Gooseneck Hitches

I have always ran a B&W. In Kentucky, until this last March, farm tags got you a registered weight of 38,000 lbs. I have run at that and a little over dozens of times. Never had one issue. I find it hard to need any stronger hitch unless you are pulling your trailer with a single axle class 8. But then you just build your own plate that snaps to the fifth wheel. If you are running more weight than 40,000 lbs. you don't need a gooseneck anyway. Just go on and buy a normal fifth wheel trailer.
 
I like my b&w and to the poster who didn't like the ball getting dirty. A plastic bag and a zip tie keeps the ball clean and greased.. Just bag it before you flip it..
 
I've had three truck with B&W's in them, that's all I'll use. Put the first one in and thought 'yeah, ok, it's nice but it's just a hitch'. Being a volunteer, I've seen a lot of fairly serious accidents, and several with goosenecks. I've been on a couple where it ripped the plates from the beds, ripped the balls out of the plate welded between the rails, and sent the trailers into the back of the cab. Could've been a very bad deal.
I've also seen two wrecks with B&W hitches. One of them, the trailer got mangled and bent up pretty good. For the other, it actually broke off the tube of the neck and it stayed attached to the truck! Yes, it bent up the B&W, but it held together and didn't break.
THAT was the moment I decided I wouldn't own any other hitch in my trucks
 
We have a local trailer dealer build ours. The ball spins out in about 15 seconds with a smack from my spare receiver hitch, and they know how we use our trucks and trailers....their guarantee as try and break it, we'll fix it no charge if you do. Same thing they told us about the 35' 24K GN trailer they sold us....try and bend it.
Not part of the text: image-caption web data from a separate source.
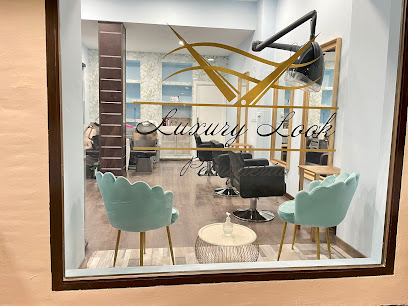 Luxury Look | Peluqueria en Rivas-Vaciamadrid / Madrid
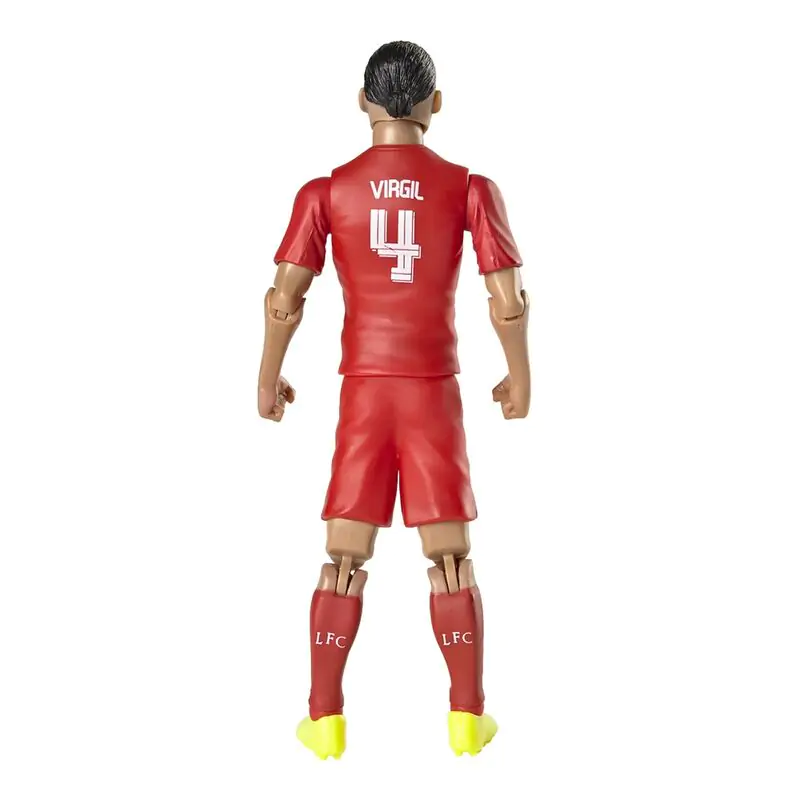 Liverpool Football Club Virgil Action figure 20cm termékfotó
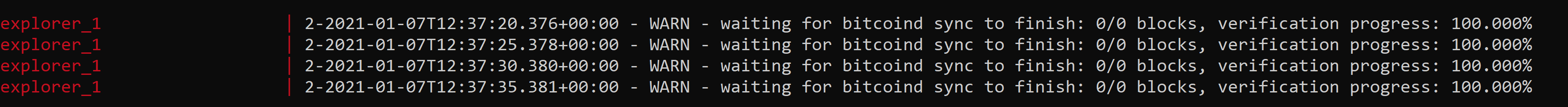 waiting-for-bitcoind-sync-to-finish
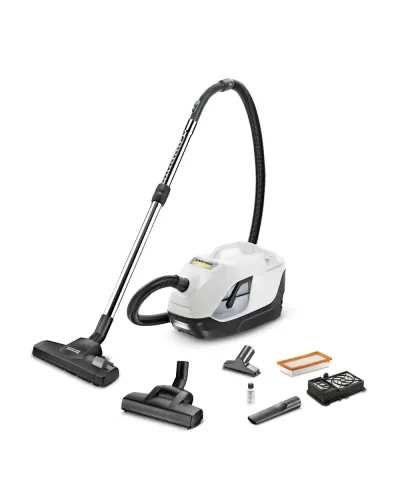 Пилосос з аквафільтром Karcher DS 6 Plus (1.195-252.0)
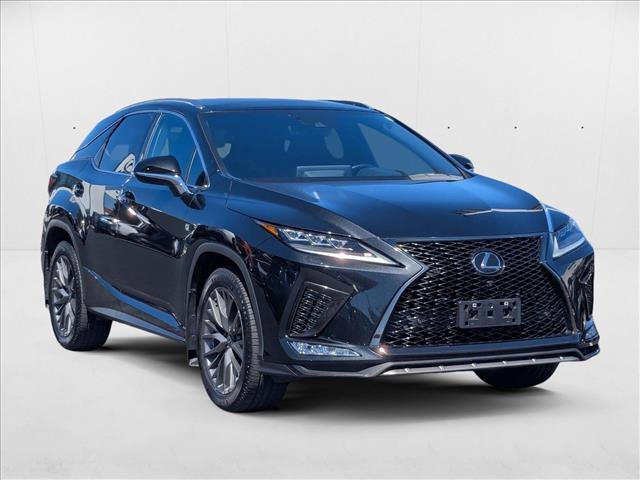 used 2022 Lexus RX 350 car, priced at $37,888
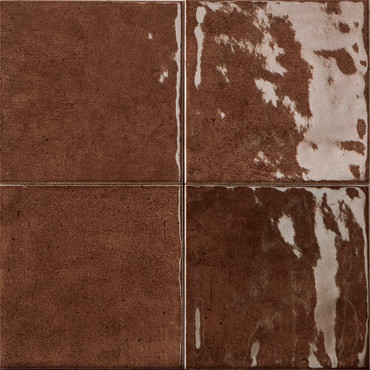 Alchemica Cuoio 4X4 Glossy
1" plate welded to the frame (yes, I know, no welding, but I'll do it any day doing what we do) with three 1/2" x 3" bars on edge welded to the bottom side of the plate for support.

I'll just say that at absolute max trailer weight they have served their purpose for better than 10 years on some of our trucks...and those are the older designs.
Chris
 
I skipped the other posts, but seems most people use B&W. Not sure if anyone posted the one I use. I installed a Drop n' Lock hitch years ago and it works pretty damn good. Used factory frame holes if I remember correctly and is basically thick piece of steel. 2 moving parts means the least amount of things to go wrong. I like it's simplicity.

Kansas Trailer Hitches Gooseneck Fifth Wheel Hitch Receiver Tow | Blue Valley Trailers

-Dustin-
 
This thread reminds me of the Platte City, MO pull about 6 years ago. A guy from Omaha was leaving the pits with his pulling truck on his trailer when the gooseneck ball came out of the mount. The safety chains caught the trailer and punched a hole through the box on his truck that had less than 15k miles on it. The gooseneck ball was mounted in a plate on 5th wheel camper rails and was held in with only a snap ring on the bottom. We ended up welding the ball into the mount that night in the pits.

We run only B&W.
 
I hit some pretty good washboards on a dirt road the other day...B&W rattled like hell, but I guess that is typical of all flip-over or turn-over balls. I miss my rigid mount. :(
 
Mine dont rattle. The neck of my trailer is a little loose and needing tightening. You may check that Dually, if yours has a addjustable neck. Mine raises hell when it gets a little slack in it.
 
I'll check, but pretty new. I think it has cross pins and a slack bolt...but not 100% on that. It has always been pretty quiet until that night. The road was pretty horrible. Anything that moves will get slack after a while so I'm sold on the rigid mounts....but I'm sure I'll get used to it.
 
Now that I've had this B&W for a while....I must say the only thing I hate about it is the loud clank it makes when you go over washboards or large bumps on the roads. That pin rattling in there with 10 tons on it kinda sucks. Other than that, I love it.
 
What would you say is the cause of the rattle?

The ball in the square reciever. If you make it tight enough not to rattle, you can't get the insert in and out. It all goes back to that "hitched with moving parts wear" argument.
 
Anyone ever seen one of these, Gooseneck Trailer Hitch by Una-Goose

I saw it at the NFMS, my Dad had to drag me over to their booth to have a look. He has been looking at them for a couple years. If he ever gets a new truck I'm sure he will consider them but his B&W has worked flawlessly as usual.